A few weeks ago it was a very real possibility that my best friend could have been moving to North Carolina. Selfishly, I would have been devastated if that were the case. I was pretty vocal about my concerns for our friendship if more distance separated us. After all these years, commitment still scares the shit out of me. I'd rather run away than be responsible for keeping commitments. (This might just be my biggest character flaw.) Taylor will be getting married and starting a family soon...and the idea of lengthening the distance between us while she starts this next chapter of her life crushed me to the core. In my twisted brain though, I thought if she moved to N.C., it made sense to push her away. I couldn't promise to visit her in N.C. more than once a year. She'll soon have a husband and children, and I just assumed that she wouldn't have time for me anyway. Although she never said that.
I know my inability to properly commit to a longer distance friendship hurt Taylor. Taylor's mom nailed it when she said, "[Lauren] never wanted to work for it." Meaning, I haven't changed. I never wanted to work for our friendship. I never planned to commit to this. To my defense, I believe actions speak louder than words. I might not make verbal promises. If I do, I'll likely hesitate and try to withdraw from the situation (Again, it's a character flaw.). However, I don't think we can deny the fact that my actions throughout the years of our friendship say something else entirely. Through good times and bad, through happy days, and sad ones, through struggle and success, the fact that I've been there for Taylor should tell us all we need to know. Whether I intended to or not, and whether I admit it out loud or not, I've been committed to being Taylor's best friend for years. I never wanted to work for our friendship, but that doesn't mean I haven't worked my ass off to be the best friend I can be. I never planned to commit to this, but that doesn't mean I didn't dive in head first before I took swim lessons. The moment I jumped, I was all in!

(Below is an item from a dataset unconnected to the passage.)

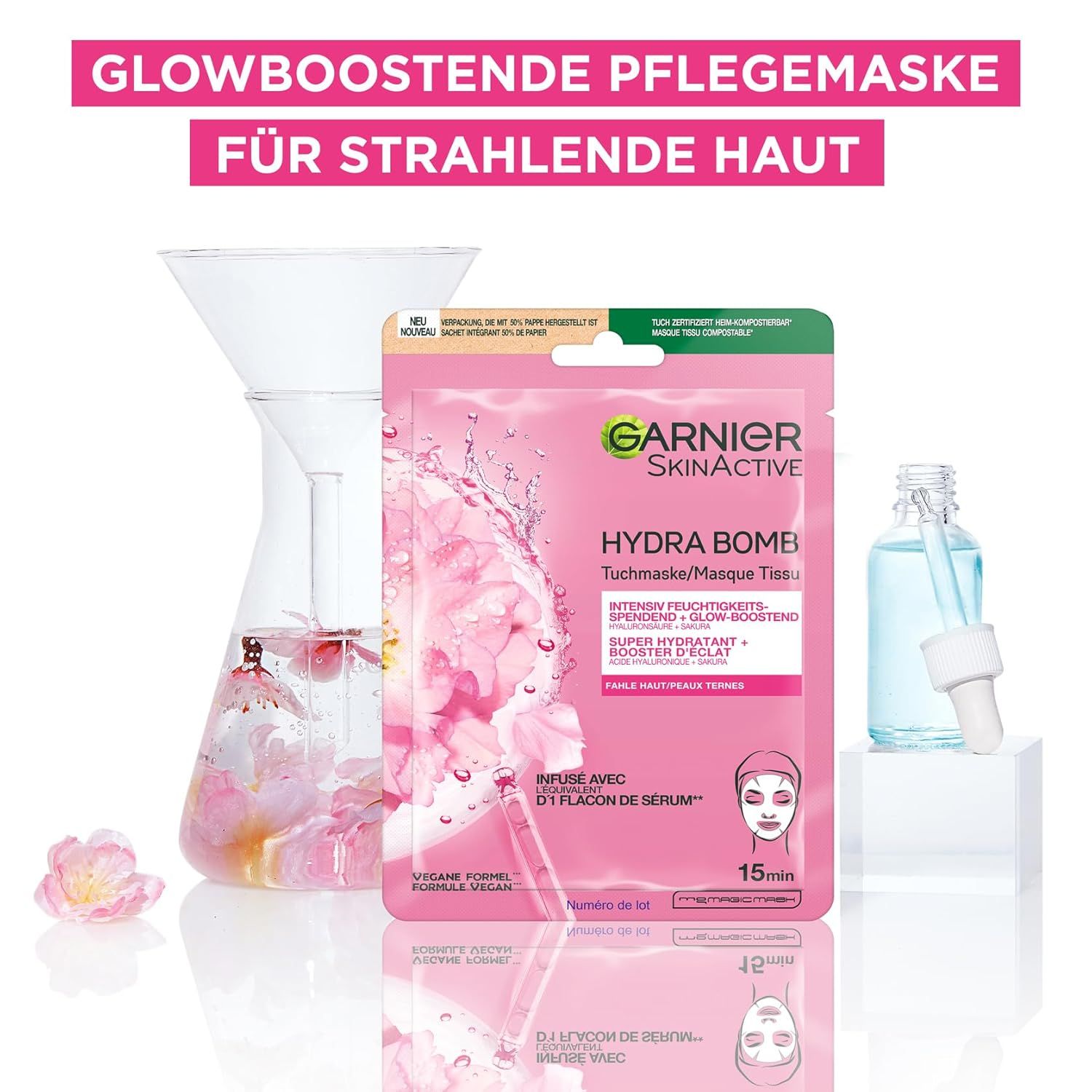 Garnier SkinActive Hydra Bomb Tuchmaske, neben Laborutensilien und Serumflasche. Text: Glowboostende Pflegemaske für strahlende Haut.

I want us to be best friends until the end of time! How's that for communicating my commitment? Even though Taylor is moving to Central Florida tomorrow, it's not guaranteed she'll be here for long. It might be difficult for me to make promises, but I know no matter what I say, or don't say, our best friendship status isn't going to change. Whether she likes it or not, she's stuck with me and I can't wait to see what this next chapter has in store for her! My name is Lauren and Taylor is my best friend.